Solved: Aliasing problem when passing the private components of a base type to its child

fedor_R_ · ‎01-02-2016

From what I gather, it's best to avoid any kind of aliasing in Fortran. What would be a proper way of implementing the following?

Say, I have two derived types: base_t and child_t, each one defined in its own separate module. child_t extends base_t (I want to model is-a relationship). base_t is an abstract type and has a deferred procedure, which it calls at some point. The child type must provide a definition for this procedure. The problem is that this procedure is supposed to change a private attribute of the base type which is not accessible to the child (add new coordinates to the coordinates array). I was going to pass it as an argument to this deferred procedure, but after reading the thread on aliasing and derived types (https://software.intel.com/en-us/forums/intel-fortran-compiler-for-linux-and-mac-os-x/topic/597073) it seems like a bad idea. I originally posted this question there, but following FortranFan's comment I moved it to a separate thread. Next paragraph is my response to the comment.

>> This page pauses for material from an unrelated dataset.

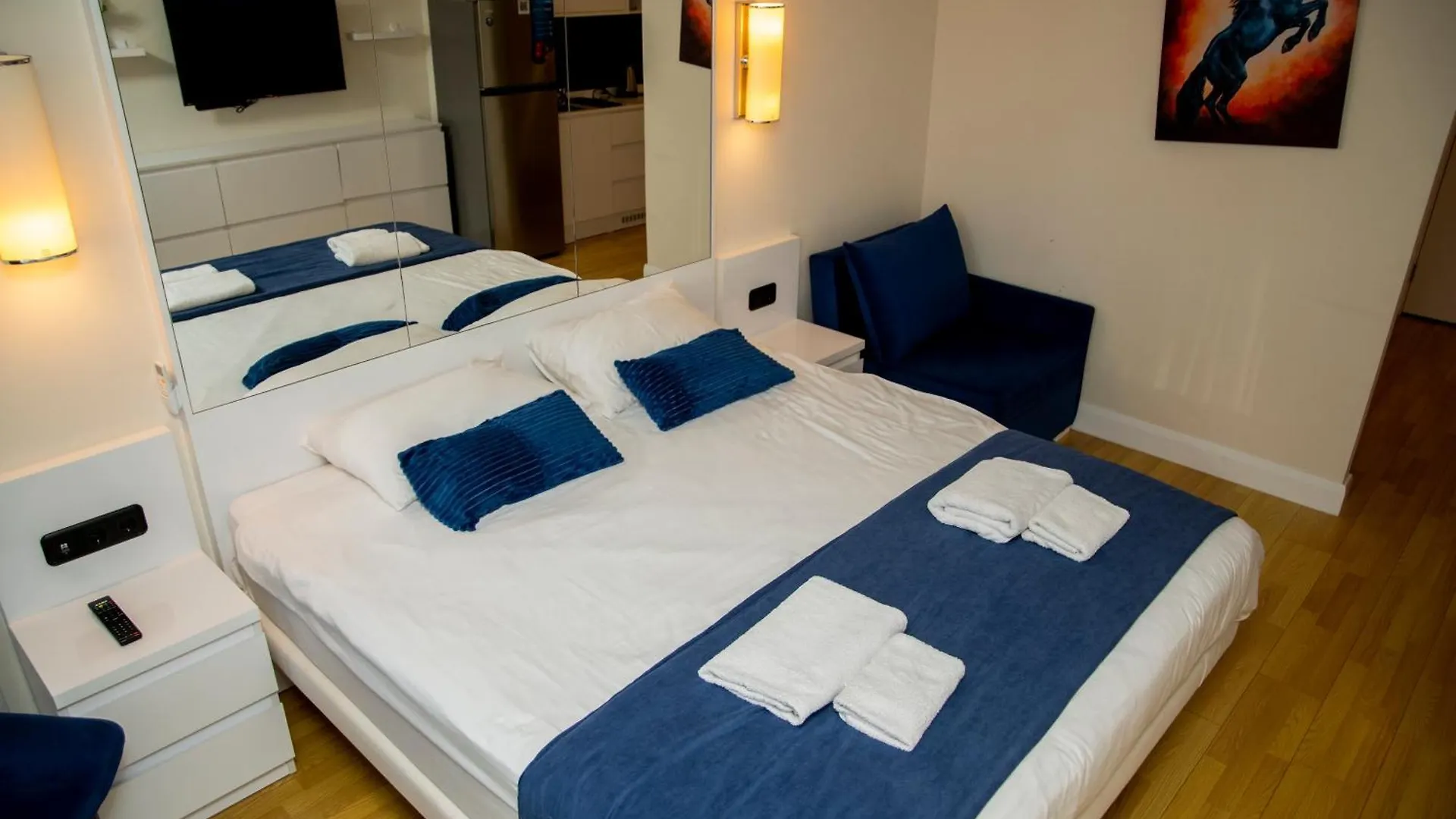 Orbi City - Premium Class Rooms N4 Batumi Geórgia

The consumer is not supposed to be able to add new coordinates. Take a look at the simplified example I added below (tried to make it as short as possible). Generally, I'm trying to avoid a setter procedure, because it would be public, and would be accessible to anyone, which contradicts encapsulation principles.

Here's what a consumer is expected to do.

real, dimension(:), allocatable :: f
class(base_t), allocatable :: b

allocate(child_t::b)
! call b%init with some arguments.
! do some other work
call b%compute_differential_operator(f)

And here's a base_t's module.

module base
    implicit none
    private
    public :: base_t

    type, abstract :: base_t
        private
        real, dimension(:,:), allocatable :: x
        integer :: num_bndr = 0
    contains
        private
        procedure, public :: init ! creates initial x array, left it out in this example
        procedure, public :: compute_differential_operator
        procedure(create_boundary_particles_func_t), deferred :: create_boundary_particles
    end type base_t

    interface
        subroutine create_boundary_particles_func_t (this, x)
            import :: base_t
            implicit none
            class(base_t), intent(in) :: this
            real, dimension(:,:), allocatable, intent(in out) :: x ! aliasing would appear when calling this function
        end subroutine create_boundary_particles_func_t
    end interface

contains

    subroutine compute_differential_operator (this, f)
        implicit none
        class(base_t), intent(in out) :: this
        real, dimension(:), intent(out) :: f
        integer :: num_non_bndr

        if (this%num_bndr <= 0) then
            num_non_bndr = size(this%x, 2)
            call this%create_boundary_particles(this%x) ! FIXME: ALIASING
            this%num_bndr = size(this%x, 2) - num_non_bndr
        else
            num_non_bndr = size(this%x, 2) - this%num_bndr
        end if

        ! Here we somehow fill f array based on the positions
        ! of regular and boundary particles.
    end subroutine compute_differential_operator

end module base

P.S. I'm especially interested in the "right" way to do it, not a way. Suggestions on changing the code structure (like how to deal with the whole inheritance of a type with a private component thing) are welcome too. Thanks for any help in advance. I've originally learnt C++, and when it comes to things like OOP it is sometimes difficult to do things Fortran way rather than simply translate C++ principles into Fortran.

Fedor

IanH · ‎01-03-2016

Some observations (not recommendations):

In addition to your approach in #2, of creating a temporary (not so costly here because of the ALLOCATABLE nature of the data) you could also give both dummy arguments of the procedure with potential aliasing the TARGET attribute and remove INTENT(IN). However, this may result in the compiler generating less performant code. In a similar vein, the value of a pointer data component is not considered part of the value of the object with the component (but the pointer association status is) - depending on details that may obviate the problem, though the use ofa pointer component when you don't really need reference semantics will introduce other complications.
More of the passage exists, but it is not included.